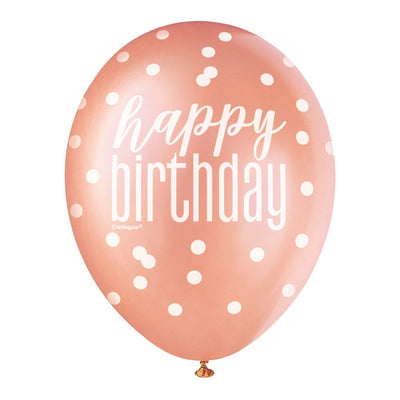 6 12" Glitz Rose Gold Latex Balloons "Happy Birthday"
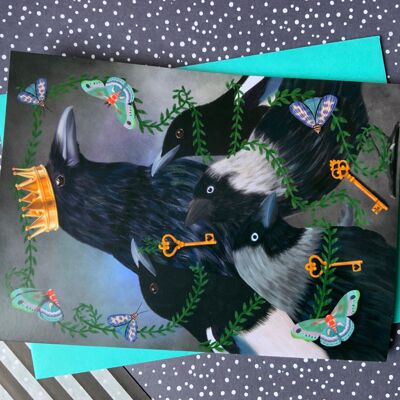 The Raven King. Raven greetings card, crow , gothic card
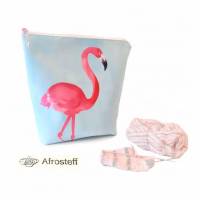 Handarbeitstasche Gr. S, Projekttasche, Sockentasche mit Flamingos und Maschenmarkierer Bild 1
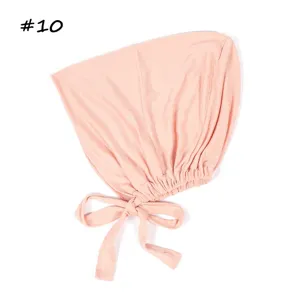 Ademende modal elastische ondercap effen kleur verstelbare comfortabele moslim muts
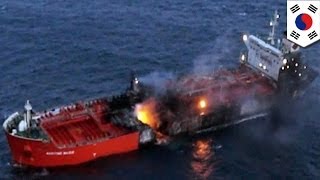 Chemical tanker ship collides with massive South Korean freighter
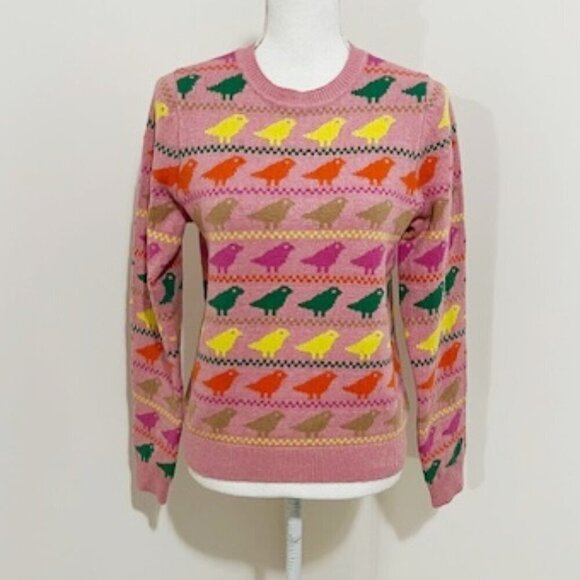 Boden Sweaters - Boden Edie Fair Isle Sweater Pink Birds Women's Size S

* * *

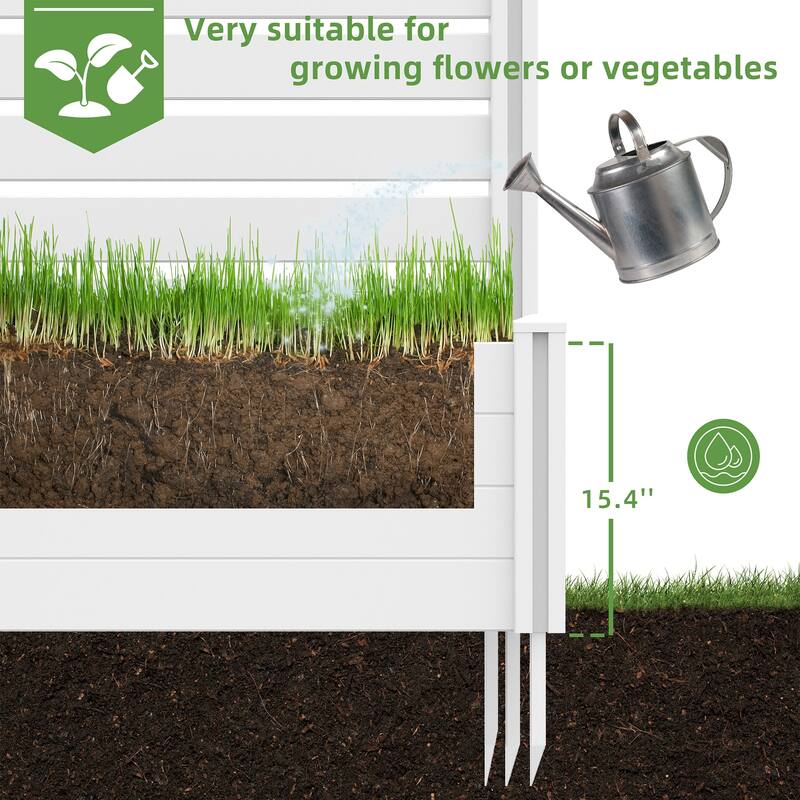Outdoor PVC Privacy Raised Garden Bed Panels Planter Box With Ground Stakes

**PROBLEM TO WORK ON**
Above are some records. Output exactly the lines from the one that contains "Glitz Rose Gold" to the one that contains "Boden Sweaters - Boden", keeping both, and omit the pictures.

**YOUR SOLUTION**
 6 12" Glitz Rose Gold Latex Balloons "Happy Birthday"
 The Raven King. Raven greetings card, crow , gothic card
 Handarbeitstasche Gr. S, Projekttasche, Sockentasche mit Flamingos und Maschenmarkierer Bild 1
 Ademende modal elastische ondercap effen kleur verstelbare comfortabele moslim muts
 Chemical tanker ship collides with massive South Korean freighter
 Boden Sweaters - Boden Edie Fair Isle Sweater Pink Birds Women's Size S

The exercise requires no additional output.